Statistical learning in language acquisition
Statistical learning is the ability for humans and other animals to extract statistical regularities from the world around them to learn about the environment. Although statistical learning is now thought to be a generalized learning mechanism, the phenomenon was first identified in human infant language acquisition.
The earliest evidence for these statistical learning abilities comes from a study by Jenny Saffran, Richard Aslin, and Elissa Newport, in which 8-month-old infants were presented with nonsense streams of monotone speech. Each stream was composed of four three-syllable "pseudowords" that were repeated randomly. After exposure to the speech streams for two minutes, infants reacted differently to hearing "pseudowords" as opposed to "nonwords" from the speech stream, where nonwords were composed of the same syllables that the infants had been exposed to, but in a different order.
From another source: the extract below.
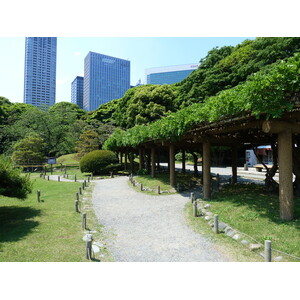 รูปถ่าย ญี่ปุ่น(Japan) โตเกียว(Tokyo) สวนฮามะริคิว(Hama rikyu Gardens) 2010-06 56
This suggests that infants are able to learn statistical relationships between syllables even with very limited exposure to a language. That is, infants learn which syllables are always paired together and which ones only occur together relatively rarely, suggesting that they are parts of two different units. This method of learning is thought to be one way that children learn which groups of syllables form individual words.
Since the initial discovery of the role of statistical learning in lexical acquisition, the same mechanism has been proposed for elements of phonological acquisition, and syntactical acquisition, as well as in non-linguistic domains. Further research has also indicated that statistical learning is likely a domain-general and even species-general learning mechanism, occurring for visual as well as auditory information, and in both primates and non-primates.
Lexical acquisition
The role of statistical learning in language acquisition has been particularly well documented in the area of lexical acquisition. One important contribution to infants' understanding of segmenting words from a continuous stream of speech is their ability to recognize statistical regularities of the speech heard in their environments. Although many factors play an important role, this specific mechanism is powerful and can operate over a short time scale.Original findings
It is a well-established finding that, unlike written language, spoken language does not have any clear boundaries between words; spoken language is a continuous stream of sound rather than individual words with silences between them. This lack of segmentation between linguistic units presents a problem for young children learning language, who must be able to pick out individual units from the continuous speech streams that they hear. One proposed method of how children are able to solve this problem is that they are attentive to the statistical regularities of the world around them. For example, in the phrase "pretty baby", children are more likely to hear the sounds pre and ty heard together during the entirety of the lexical input around them than they are to hear the sounds ty and ba together. In an artificial grammar learning study with adult participants, Saffran, Newport, and Aslin found that participants were able to locate word boundaries based only on transitional probabilities, suggesting that adults are capable of using statistical regularities in a language-learning task. This is a robust finding that has been widely replicated.To determine if young children have these same abilities Saffran Aslin and Newport exposed 8-month-old infants to an artificial grammar. The grammar was composed of four words, each composed of three nonsense syllables. During the experiment, infants heard a continuous speech stream of these words. The speech was presented in a monotone with no cues to word boundaries other than the statistical probabilities. Within a word, the transitional probability of two syllable pairs was 1.0: in the word bidaku, for example, the probability of hearing the syllable da immediately after the syllable bi was 100%. Between words, however, the transitional probability of hearing a syllable pair was much lower: After any given word was presented, one of three words could follow, so the likelihood of hearing any given syllable after ku was only 33%.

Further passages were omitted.